§ **Your objective**
Leave every image out, and return the rest of the data word for word.

§ **Supplied information**
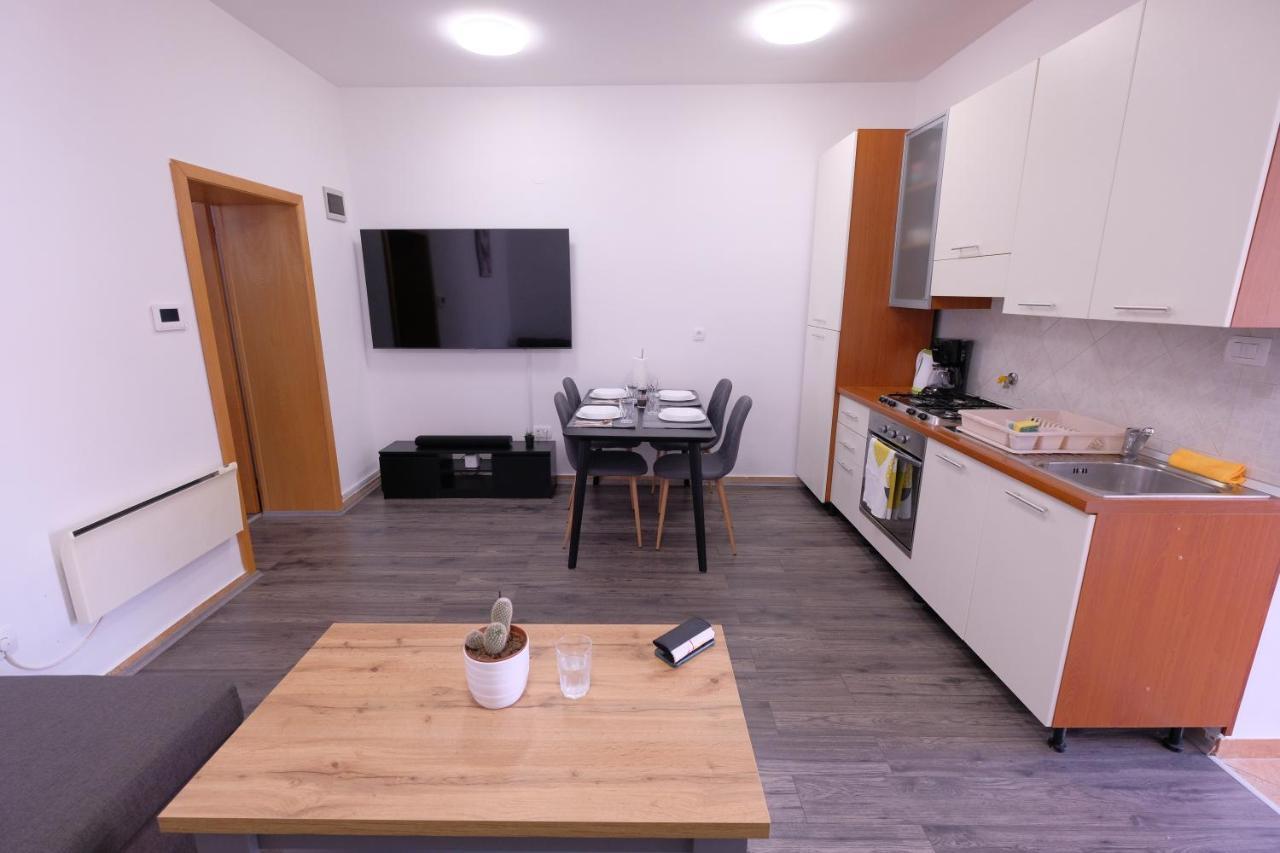 Apartment Klea - Cosy, Near City Center PUY 외부 사진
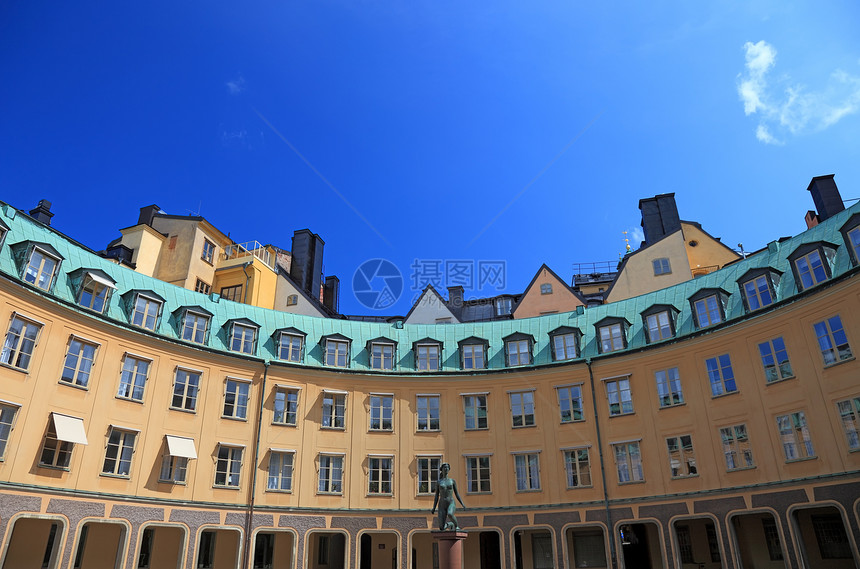 瑞典斯德哥尔摩的黄色建筑大旧楼宇图片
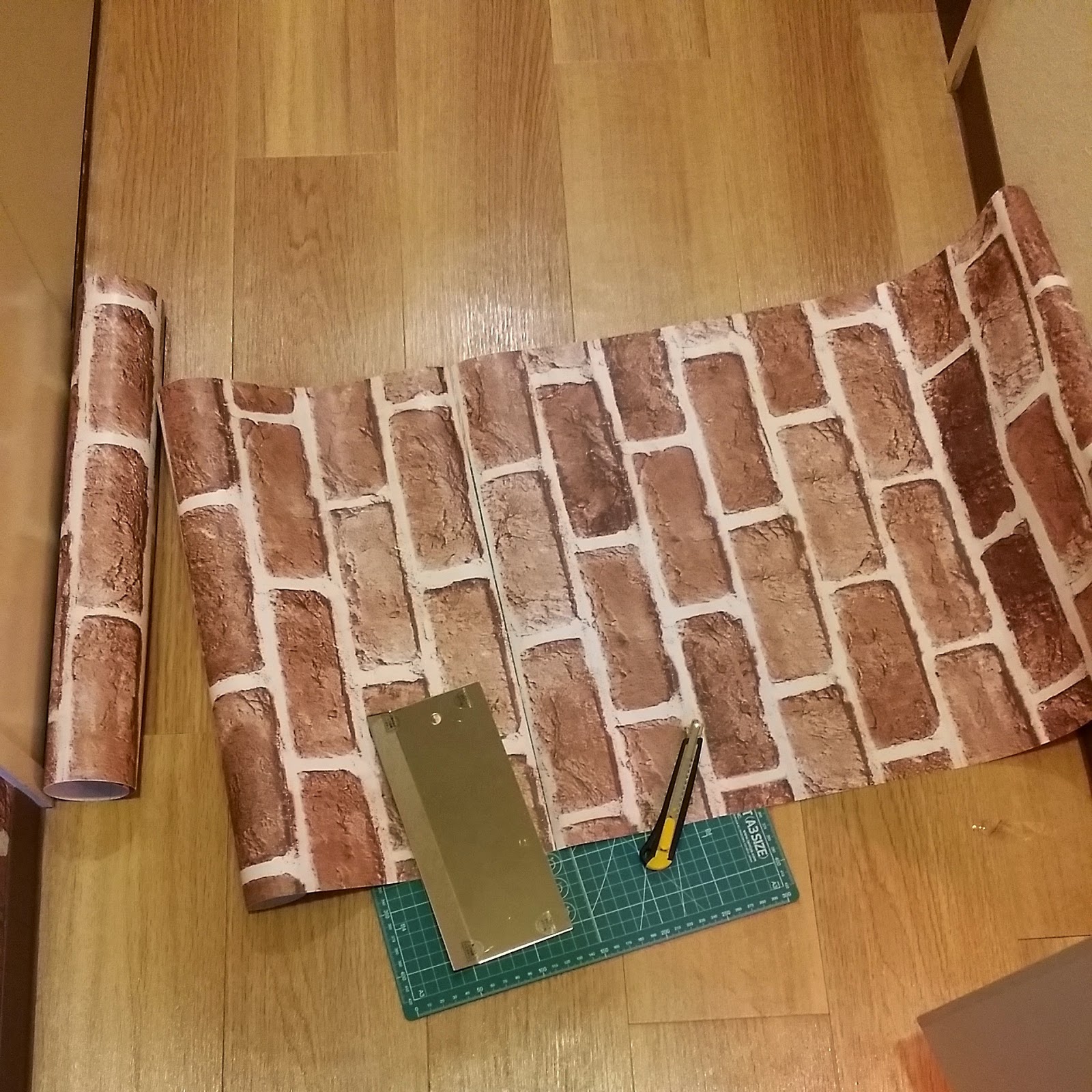 100均のリメイクシートで賃貸の玄関にレンガ腰壁を作るdiy方法は簡単でいい カフェインテリア計画 100均のリメイクシートで賃貸の玄関にレンガ腰壁を作るdiy方法は簡単でいい カフェインテリア計画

§ **Written answer**
 Apartment Klea - Cosy, Near City Center PUY 외부 사진
 瑞典斯德哥尔摩的黄色建筑大旧楼宇图片
 100均のリメイクシートで賃貸の玄関にレンガ腰壁を作るdiy方法は簡単でいい カフェインテリア計画 100均のリメイクシートで賃貸の玄関にレンガ腰壁を作るdiy方法は簡単でいい カフェインテリア計画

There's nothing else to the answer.